Creates training data from input data frame.

Parameters:

Name	Type	Description	Default
input_names	List[str]	List of input feature names.	required
outcome_name	str	Name of the outcome variable.	required
data	DataFrame	DataFrame containing input and outcome data.	required

Returns:

Type	Description
tuple[Tensor, Tensor, Tensor]	Tuple containing training input tensor (train_X), training outcome tensor ( train_Y), and training outcome variance tensor (train_Yvar).

Notes

The function handles NaN values, removing rows with NaN values in any of the input variables.

If the DataFrame contains a column named <outcome_name>_var, the function returns a tensor for the outcome variance (train_Yvar); otherwise, train_Yvar is None.

Source code in xopt/generators/bayesian/utils.py

def get_training_data(
    input_names: List[str], outcome_name: str, data: pd.DataFrame
) -> (torch.Tensor, torch.Tensor):
    """
    Creates training data from input data frame.

    Parameters
    ----------
    input_names : List[str]
        List of input feature names.

    outcome_name : str
        Name of the outcome variable.

    data : pd.DataFrame
        DataFrame containing input and outcome data.

    Returns
    -------
    tuple[torch.Tensor, torch.Tensor, torch.Tensor]
        Tuple containing training input tensor (train_X), training outcome tensor (
        train_Y), and training outcome variance tensor (train_Yvar).

    Notes
    -----

    The function handles NaN values, removing rows with NaN values in any of the
    input variables.

    If the DataFrame contains a column named `<outcome_name>_var`, the function
    returns a tensor for the outcome variance (train_Yvar); otherwise, train_Yvar is
    None.

    """

    input_data = data[input_names]
    outcome_data = data[outcome_name]

    # cannot use any rows where any variable values are nans
    non_nans = ~input_data.isnull().T.any()
    input_data = input_data[non_nans]
    outcome_data = outcome_data[non_nans]

    train_X = torch.tensor(
        input_data[~outcome_data.isnull()].to_numpy(dtype="double").copy()
    )
    train_Y = torch.tensor(
        outcome_data[~outcome_data.isnull()].to_numpy(dtype="double").copy()
    ).unsqueeze(-1)

    train_Yvar = None
    if f"{outcome_name}_var" in data:
        variance_data = data[f"{outcome_name}_var"][non_nans]
        train_Yvar = torch.tensor(
            variance_data[~outcome_data.isnull()].to_numpy(dtype="double").copy()
        ).unsqueeze(-1)

    return train_X, train_Y, train_Yvar

get_training_data_batched(input_names, outcome_names, data, batch_mode=False)

Get data for multiple outcomes.
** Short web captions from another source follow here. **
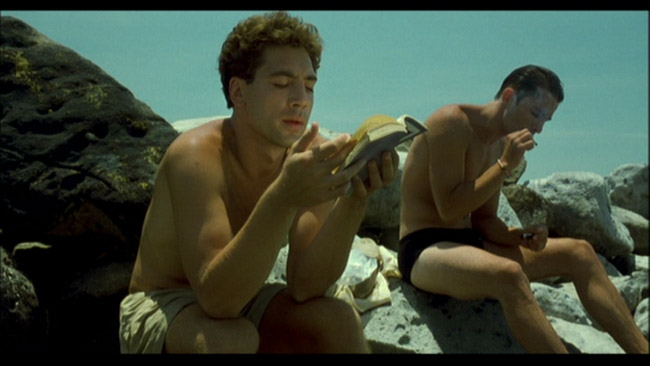 before night falls (2000)before night falls is about cuban poet reinaldo arenas and his experiences as an openly gay writer and lgbtq+ activist from birth to death.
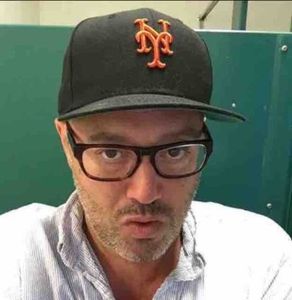 Matthew Horovitz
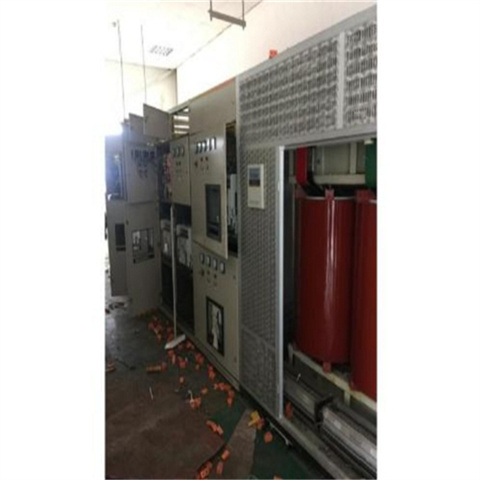 合肥S11变压器回收厂家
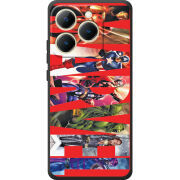 Чохол BoxFace Realme 15T 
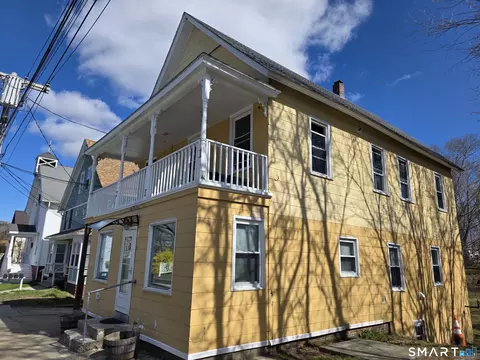 Exterior - 23 Soule St, Griswold, CT 06351 photo 6 of 6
Valid points have no NaNs for all inputs and outcomes.

Parameters:

Name	Type	Description	Default
batch_mode	bool	If false, not unrolled - will be done by SingleTaskGP. If true, unrolls the data so that each outcome is treated as a separate task in a batch mode model.	False

Returns:

Type	Description
tuple[Tensor, Tensor, Tensor]	train_X n x d or m x n x d train_Y n x m or m x n x 1 train_Yvar n x m or m x n x 1

Source code in xopt/generators/bayesian/utils.py

def get_training_data_batched(
    input_names: List[str],
    outcome_names: List[str],
    data: pd.DataFrame,
    batch_mode: bool = False,
) -> (torch.Tensor, torch.Tensor, torch.Tensor):
    """
    Get data for multiple outcomes. Valid points have no NaNs for all inputs and outcomes.

    Parameters
    ----------
    batch_mode: bool
        If false, not unrolled - will be done by SingleTaskGP. If true, unrolls the data
        so that each outcome is treated as a separate task in a batch mode model.

    Returns
    -------
    tuple[torch.Tensor, torch.Tensor, torch.Tensor]
        train_X `n x d` or `m x n x d`
        train_Y `n x m` or `m x n x 1`
        train_Yvar `n x m` or `m x n x 1`
    """
    input_data = data[input_names]
    outcome_data = data[outcome_names]

    non_nans_input = ~input_data.isnull().T.any()
    non_nans_output = ~outcome_data.isnull().T.any()
    non_nans_all = non_nans_input & non_nans_output
    input_data = input_data[non_nans_all]
    outcome_data = outcome_data[non_nans_all]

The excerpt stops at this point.